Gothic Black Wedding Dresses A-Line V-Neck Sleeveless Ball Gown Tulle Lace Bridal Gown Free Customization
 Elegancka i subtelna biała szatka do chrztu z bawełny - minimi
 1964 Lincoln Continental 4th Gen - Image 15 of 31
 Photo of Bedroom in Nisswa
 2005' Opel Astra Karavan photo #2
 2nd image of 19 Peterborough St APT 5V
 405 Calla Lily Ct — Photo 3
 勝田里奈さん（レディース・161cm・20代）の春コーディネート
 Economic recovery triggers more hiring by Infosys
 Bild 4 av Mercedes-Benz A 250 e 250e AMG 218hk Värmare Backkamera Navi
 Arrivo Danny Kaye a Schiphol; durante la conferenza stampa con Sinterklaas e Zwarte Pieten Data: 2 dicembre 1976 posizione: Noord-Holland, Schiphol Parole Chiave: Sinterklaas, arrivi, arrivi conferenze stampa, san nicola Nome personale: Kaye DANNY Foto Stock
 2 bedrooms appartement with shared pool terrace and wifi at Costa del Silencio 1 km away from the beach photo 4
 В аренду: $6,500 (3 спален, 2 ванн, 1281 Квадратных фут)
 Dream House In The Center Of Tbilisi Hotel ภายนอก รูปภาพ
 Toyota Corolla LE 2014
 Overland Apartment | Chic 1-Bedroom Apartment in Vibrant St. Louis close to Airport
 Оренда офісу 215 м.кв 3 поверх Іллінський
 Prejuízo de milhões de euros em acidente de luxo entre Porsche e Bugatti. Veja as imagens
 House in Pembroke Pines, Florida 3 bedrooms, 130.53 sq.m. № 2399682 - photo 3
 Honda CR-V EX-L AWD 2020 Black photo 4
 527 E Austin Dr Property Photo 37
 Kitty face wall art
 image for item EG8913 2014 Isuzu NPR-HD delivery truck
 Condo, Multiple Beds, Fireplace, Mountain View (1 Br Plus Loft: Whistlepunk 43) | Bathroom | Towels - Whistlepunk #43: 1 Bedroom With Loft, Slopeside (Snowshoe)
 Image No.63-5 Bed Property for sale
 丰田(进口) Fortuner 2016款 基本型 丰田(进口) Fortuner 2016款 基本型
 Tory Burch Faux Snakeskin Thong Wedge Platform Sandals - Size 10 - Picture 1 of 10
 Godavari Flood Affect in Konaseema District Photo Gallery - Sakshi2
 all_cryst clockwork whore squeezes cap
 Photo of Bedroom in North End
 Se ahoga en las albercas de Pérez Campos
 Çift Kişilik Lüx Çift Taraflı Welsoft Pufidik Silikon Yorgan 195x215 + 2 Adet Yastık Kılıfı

___

## THE TASK
Restate all of the lines in the material exactly as they are.

## ANSWER SPACE
Gothic Black Wedding Dresses A-Line V-Neck Sleeveless Ball Gown Tulle Lace Bridal Gown Free Customization
 Elegancka i subtelna biała szatka do chrztu z bawełny - minimi
 1964 Lincoln Continental 4th Gen - Image 15 of 31
 Photo of Bedroom in Nisswa
 2005' Opel Astra Karavan photo #2
 2nd image of 19 Peterborough St APT 5V
 405 Calla Lily Ct — Photo 3
 勝田里奈さん（レディース・161cm・20代）の春コーディネート
 Economic recovery triggers more hiring by Infosys
 Bild 4 av Mercedes-Benz A 250 e 250e AMG 218hk Värmare Backkamera Navi
 Arrivo Danny Kaye a Schiphol; durante la conferenza stampa con Sinterklaas e Zwarte Pieten Data: 2 dicembre 1976 posizione: Noord-Holland, Schiphol Parole Chiave: Sinterklaas, arrivi, arrivi conferenze stampa, san nicola Nome personale: Kaye DANNY Foto Stock
 2 bedrooms appartement with shared pool terrace and wifi at Costa del Silencio 1 km away from the beach photo 4
 В аренду: $6,500 (3 спален, 2 ванн, 1281 Квадратных фут)
 Dream House In The Center Of Tbilisi Hotel ภายนอก รูปภาพ
 Toyota Corolla LE 2014
 Overland Apartment | Chic 1-Bedroom Apartment in Vibrant St. Louis close to Airport
 Оренда офісу 215 м.кв 3 поверх Іллінський
 Prejuízo de milhões de euros em acidente de luxo entre Porsche e Bugatti. Veja as imagens
 House in Pembroke Pines, Florida 3 bedrooms, 130.53 sq.m. № 2399682 - photo 3
 Honda CR-V EX-L AWD 2020 Black photo 4
 527 E Austin Dr Property Photo 37
 Kitty face wall art
 image for item EG8913 2014 Isuzu NPR-HD delivery truck
 Condo, Multiple Beds, Fireplace, Mountain View (1 Br Plus Loft: Whistlepunk 43) | Bathroom | Towels - Whistlepunk #43: 1 Bedroom With Loft, Slopeside (Snowshoe)
 Image No.63-5 Bed Property for sale
 丰田(进口) Fortuner 2016款 基本型 丰田(进口) Fortuner 2016款 基本型
 Tory Burch Faux Snakeskin Thong Wedge Platform Sandals - Size 10 - Picture 1 of 10
 Godavari Flood Affect in Konaseema District Photo Gallery - Sakshi2
 all_cryst clockwork whore squeezes cap
 Photo of Bedroom in North End
 Se ahoga en las albercas de Pérez Campos
 Çift Kişilik Lüx Çift Taraflı Welsoft Pufidik Silikon Yorgan 195x215 + 2 Adet Yastık Kılıfı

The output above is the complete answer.